I should read the whole report I suppose, but Ye Gods I’m on holiday! Plus I’ve already decided that I’m not going to retire abroad, one of the subjects frequently up for debate in FIRE discussions. No doubt I’d have a great standard of living in Panama or the Philippines but so what? You’d never be a local, you’d always be an “ex pat” along with the rest of them, an outsider wondering when and if you’d ever feel fully settled in an adopted homeland later in life.

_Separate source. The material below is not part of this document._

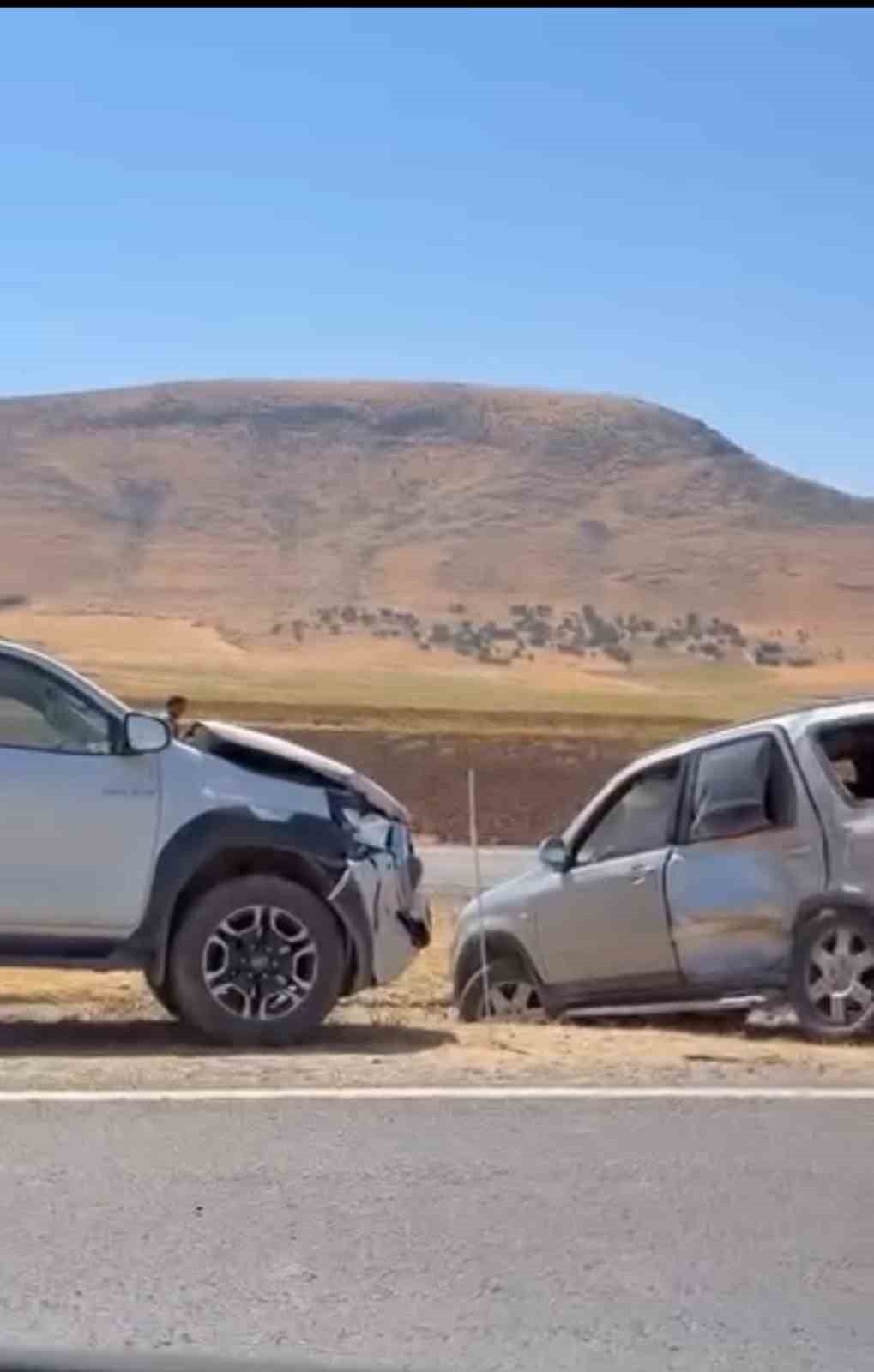 Siirt&rsquo;te trafik kazası: Ara&ccedil;larda maddi hasar oluştu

Having longtime friends, family and a community that you’re settled in is supposed to be worth its weight in gold in retirement and I suspect there’s a lot of truth in that. Britain’s not perfect, but it’s home and it’s funny how much I miss it when I’m away. As I sit here writing this, incessant American news coverage of the Royal Wedding drones on in the background, but even that can’t spoil some of the scenery being broadcast of Windsor and England in the sunshine. “That lot won’t have to worry much about their pensions”, I muse to my wife, who rolls her eyes and tells me to go and get a beer. 

Good idea.

2 thoughts on “Born in the USA

  1. Scottsdale is for the very wealthy and is atypical of the American retiree community. If you are interested is seeing how very many (upper) middle class Americans retire, however, you only need to drive to an adjacent suburb…one of the “Sun cities”. These are planned communities for those 50+, and built around golf courses. (Come June, many of these “snowbirds” will repack their bags and return to Michigan, Chicago, or Winnipeg because the heat is unbearable.)

    Note too that, in the first table, the median income is only about 2/3rds of the mean. If I recall my stats courses correctly, this seems to indicate that there are some very wealthy americans that skew the retirement distribution.